In the wake of Cars' success, Disney and Pixar extended the brand by producing short films with Mater in the lead. By shifting its focus away from McQueen, Cars 2 feels like one of those -- either Mater and the Ghost Light or Mater's Tall Tales -- stretched to dangerously thin extremes to try and fill a feature's length. Wilson's loveably self-centered racecar takes a back seat for the sequel's conventional (and confusing) spy spoof. The races themselves are tedious and poorly staged, with the last one -- a crucial sprint through London's streets -- neglecting to even tell us who wins.
Lasseter's legitimate passion for automobiles, for the sheer act of driving, has been scrubbed away from the sequel in favor of routine spy games. Imagine erasing the Andy and Bonnie moments from Lee Unkrich's emotionally rich Toy Story 3 so that the prison-movie spoof could be expanded and you'll get a sense of where Cars 2 went wrong. That being said, it was the gun-toting, explosion-popping spy elements that most appealed to my 7-year-old son, proving once again that Lasseter and crew aimed squarely at a young, male-brain audience.
But with its previous 11 films, Pixar educated mainstream audiences on the difference between sophisticated animated features and simple cartoons, and taught them to demand better. Which just means more people than usual now will be able to spot Cars 2 as the simplistic cartoon that it is, on par with (and actually below the standard of) most of the kid-centered entertainment families can find on Cartoon Network, Sprout, Nick Jr. or The Disney Channel. And with rival studios revving up their own animated efforts, this is a bad time for Pixar to be shifting into neutral or, worse, setting the "vehicle" to cruise control.

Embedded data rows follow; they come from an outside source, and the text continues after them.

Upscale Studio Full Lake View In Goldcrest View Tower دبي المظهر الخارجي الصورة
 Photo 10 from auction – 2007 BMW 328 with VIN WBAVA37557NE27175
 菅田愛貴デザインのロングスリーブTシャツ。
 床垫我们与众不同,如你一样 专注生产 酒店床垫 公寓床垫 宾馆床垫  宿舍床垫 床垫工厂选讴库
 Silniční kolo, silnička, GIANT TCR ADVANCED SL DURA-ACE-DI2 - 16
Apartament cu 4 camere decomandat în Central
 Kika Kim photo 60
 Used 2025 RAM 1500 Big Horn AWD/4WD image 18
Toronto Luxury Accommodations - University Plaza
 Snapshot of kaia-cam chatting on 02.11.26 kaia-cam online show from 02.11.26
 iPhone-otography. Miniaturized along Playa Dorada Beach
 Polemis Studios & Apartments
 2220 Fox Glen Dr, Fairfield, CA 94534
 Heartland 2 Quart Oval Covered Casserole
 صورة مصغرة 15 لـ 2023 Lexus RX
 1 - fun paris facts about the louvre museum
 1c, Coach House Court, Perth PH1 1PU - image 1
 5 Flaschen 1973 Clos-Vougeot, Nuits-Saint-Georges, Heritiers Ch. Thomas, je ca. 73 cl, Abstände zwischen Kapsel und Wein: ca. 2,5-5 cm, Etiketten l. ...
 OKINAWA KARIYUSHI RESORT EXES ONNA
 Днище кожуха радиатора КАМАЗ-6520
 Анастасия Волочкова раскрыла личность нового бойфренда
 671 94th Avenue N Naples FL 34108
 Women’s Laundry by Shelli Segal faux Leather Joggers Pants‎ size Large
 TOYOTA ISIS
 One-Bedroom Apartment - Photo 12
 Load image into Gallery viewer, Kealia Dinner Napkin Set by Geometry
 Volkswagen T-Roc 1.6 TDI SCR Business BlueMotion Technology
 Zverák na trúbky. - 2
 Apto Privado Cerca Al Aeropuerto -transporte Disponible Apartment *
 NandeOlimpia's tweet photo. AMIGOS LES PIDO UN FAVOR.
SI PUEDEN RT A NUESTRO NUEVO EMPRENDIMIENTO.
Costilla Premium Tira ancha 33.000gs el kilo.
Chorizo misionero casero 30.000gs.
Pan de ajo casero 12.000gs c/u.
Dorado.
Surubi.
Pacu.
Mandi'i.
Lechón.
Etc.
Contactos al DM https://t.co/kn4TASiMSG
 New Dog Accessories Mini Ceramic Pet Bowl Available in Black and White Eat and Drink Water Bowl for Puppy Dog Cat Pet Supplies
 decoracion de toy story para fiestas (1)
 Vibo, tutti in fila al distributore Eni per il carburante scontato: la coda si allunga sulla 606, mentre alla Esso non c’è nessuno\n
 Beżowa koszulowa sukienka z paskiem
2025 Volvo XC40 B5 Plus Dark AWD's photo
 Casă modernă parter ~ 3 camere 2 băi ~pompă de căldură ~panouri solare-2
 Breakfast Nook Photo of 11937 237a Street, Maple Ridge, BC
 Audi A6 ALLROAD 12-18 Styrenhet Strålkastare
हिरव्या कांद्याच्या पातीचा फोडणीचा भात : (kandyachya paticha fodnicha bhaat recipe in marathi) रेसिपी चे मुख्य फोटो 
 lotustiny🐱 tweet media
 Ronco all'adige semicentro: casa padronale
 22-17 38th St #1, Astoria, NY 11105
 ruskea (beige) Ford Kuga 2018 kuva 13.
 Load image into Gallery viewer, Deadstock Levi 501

It's way too soon to tell if Cars 2 is a one-off misstep or the start of a creative slide similar to the one that submerged Walt Disney's animation house at the turn of the century, producing a string of duds that included Treasure Planet and Chicken Little. But if the pending Monsters Inc. prequel, Monsters University, shifts its focus to tell its story solely through Billy Crystal's obnoxious Mike Wazowski, I'll be looking for one of Sully's magic closet doors so I can dive through and escape another unfortunate Pixar nightmare.